Weetos is a brand of chocolate-flavoured breakfast cereal produced by Weetabix Food Company. The name comes from the fact that its primary ingredient is wheat (Weet-) and the cereal pieces are in O shapes (-Os), the same naming convention that is used on the company's flagship cereal Weetabix (Wheat Biscuits).

The brand initially began with the Weetos cereal, officially known as Weetos Chocolate Flavour, and has expanded to include Weetos Meteors, Weetos Bars (which are cereal snacks in bar-form), and Weetos vs. Alien Invaders.

==History==
Weetos has been marketed primarily toward children and younger consumers by the Weetabix Food Company and, as a result, has a long history with mascots. The original mascot, introduced in 1987, was a skateboarder named Derek, who "found life really boring, until new Weetos came out of the blue!", delivered in a broad West Midlands accent. From 1992, the breakfast mascot was Professor Weeto, an elderly gentleman dressed in a white labcoat, whose remaining hair was white and who wore a pair of spectacles constructed from two large Weetos pieces. He was the mascot that acted as the creator and sole advertiser for the cereal. In 2010, he was replaced by The Weeto, a strong Weeto with arms and legs who'd do anything to get into the cereal for children.

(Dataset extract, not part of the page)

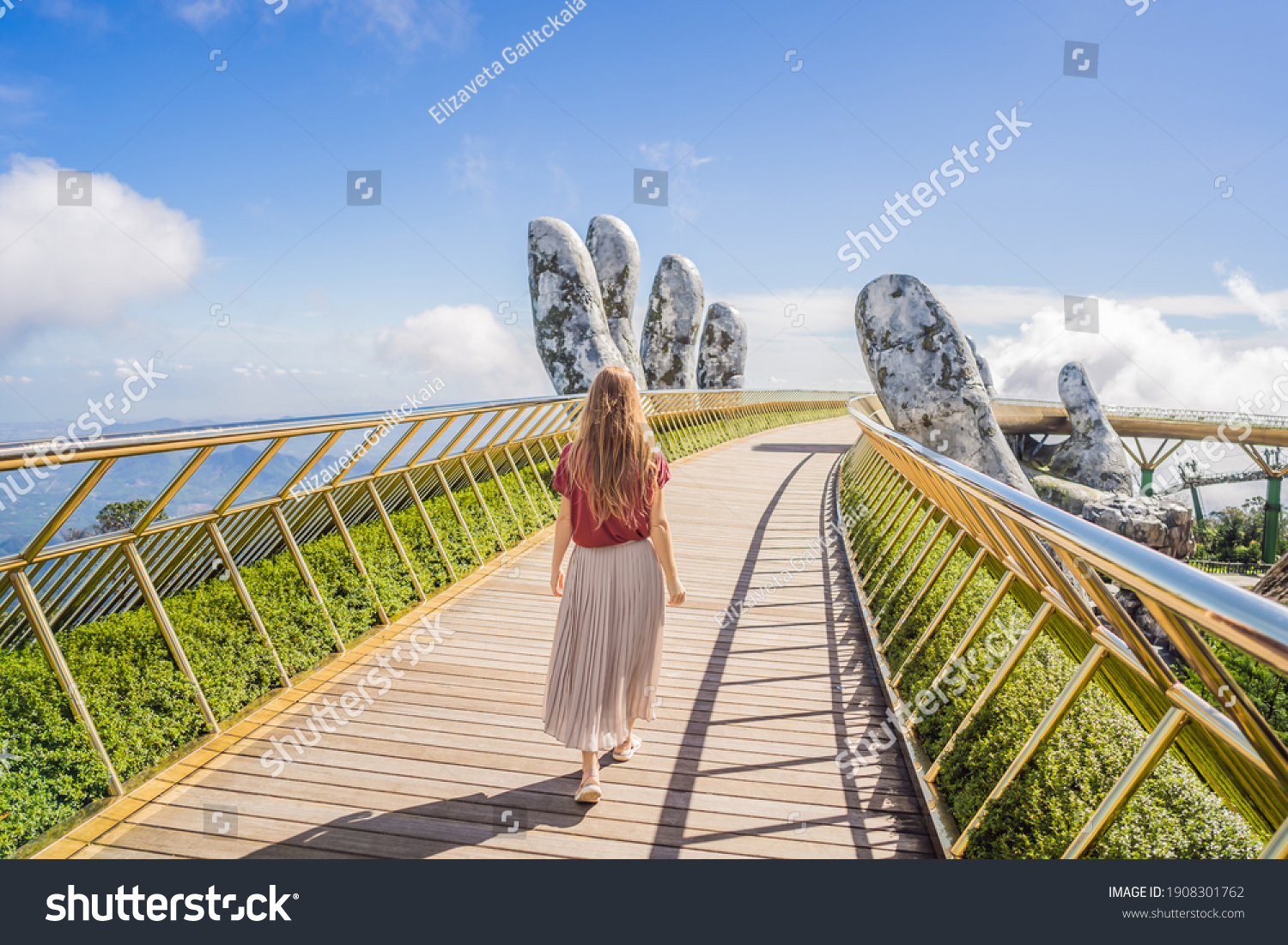 Young woman tourist at Famous tourist attraction - Golden bridge at the top of the Ba Na Hills, Vietnam #1908301762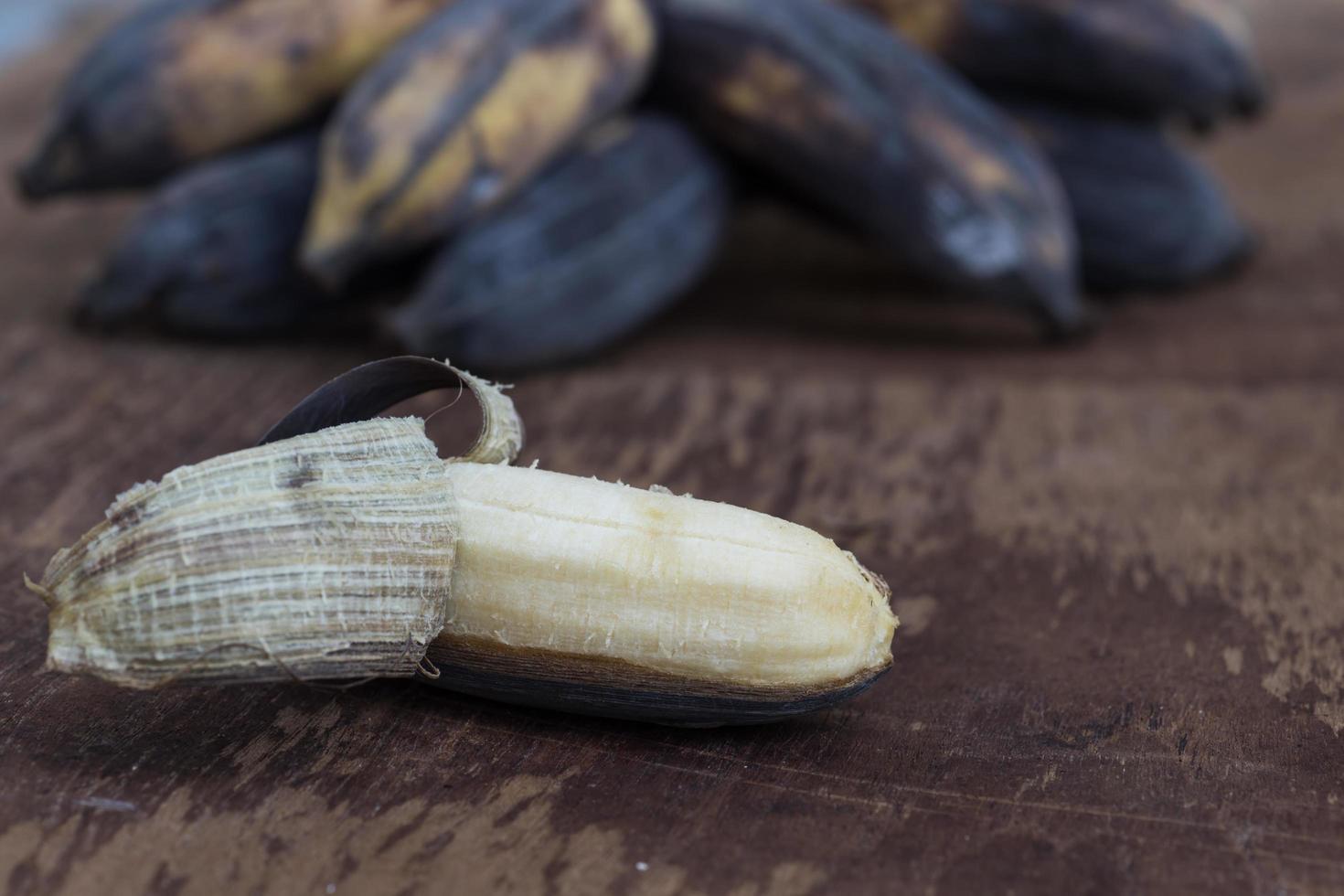 Old banana on a wooden table photo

In 2006, Weetabix Food Company lowered the amount of sugar present in Weetos by over 35% as part of a drive to appeal to health conscious parents, which resulted in a change of flavour. This was coupled with the dropping of long-running mascot Professor Weeto in favour of neutral images of children participating in various sports.

==Products==

===Weetos Chocolate Flavour===
Weetos is packaged in a brown rectangular cardboard box with the logo and an advert of whatever toy is inside.

Ingredients include wholegrain wheat (41%), wheat flour, sugars, cocoa powder, vegetable oil, milk powder and various vitamins and minerals.

===Weetos Meteors===
Launched in 2008, Weetos Meteors is a space-themed cereal that combines the original O-shape pieces with star and meteor shapes ones. It is one of the few breakfast cereals that directly advertises to children seeing as it is not high in fat, salt and sugar (HFSS) and as a result, doesn't qualify for Ofcom's ban on promotional tie-ups with HFSS food products.

===Weetos vs. Alien Invaders===
Launched in 2011, Weetos vs. Alien Invaders contains both the original O-shaped pieces along with three ringed alien pieces.

===Weetos Bar===
Weetos is also available in a 20g cereal bar. They contain chocolate flavour wheat hoops and form a soft and chewy bar, with a layer of milk chocolate on the bottom, and are individually wrapped.